Training of Models with Large Scale Sparse Features

Model configuration and training

Embedding is widely used in various network structures, especially in the text processing related models. In some scenarios, such as recommendation systems or search engines, the number of feature ids of embedding may be very large. When the feature id reaches a certain amount, the embedding parameter will become very large, which will bring two problems:

  1. The single-machine memory cannot be trained because it cannot store such huge embedding parameters.

  2. The normal training mode needs to synchronize the complete parameters for each iteration. If the parameters are too large, the communication will become very slow, which will affect the training speed.

Fluid supports the training of hundreds of millions of large-scale sparse features embedding.

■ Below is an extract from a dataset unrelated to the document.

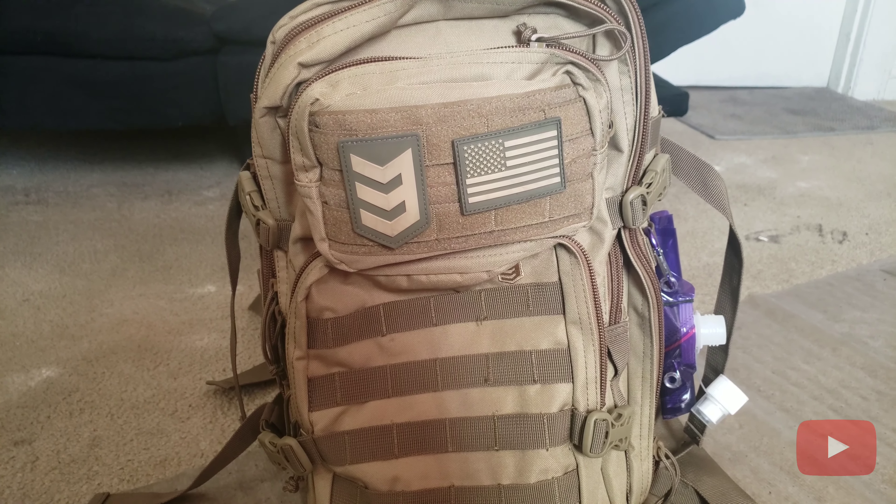They come in a lot of different colors — olive, black, foliage gray, and coyote tan. So if this color isn't for you and you want a basic black one for an urban environment you can do that, or foliage gray for the wilderness or snow. This is my wife's bag and this has been the review for the Velox 2 Tactical Assault Pack. I'll be posting a follow-up video showing the full contents inside, so please stay tuned. Thanks for watching!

The embedding parameter is only saved on the parameter server. Through the parameter prefetch and gradient sparse update method, the communication volume is greatly reduced and the communication speed is improved.

This function is only valid for distributed training and cannot be used in single node training. It need to work with sparse update.

How to use: When configuring embedding, add the parameters is_distributed=True and is_sparse=True. Parameter dict_size defines the total number of ids in the data. The id can be any value in the int64 range. As long as the total number of ids is less than or equal to dict_size, it can be supported. So before you configure, you need to estimate the total number of feature ids in the data.

emb = fluid.layers.embedding(
    size=[dict_size, embedding_width],

Model storage and inference

When the number of features reaches 100 billion, the parameters are very large, and the single machine can’t hold such huge amount of parameters. As the result, the model is stored and loaded differently from the normal mode:

  1. In normal mode, parameters are saved and loaded on the trainer side;

  2. In distributed mode, all the parameters are saved and loaded on the pserver side. Each pserver only saves and loads the parameters corresponding to the pserver itself.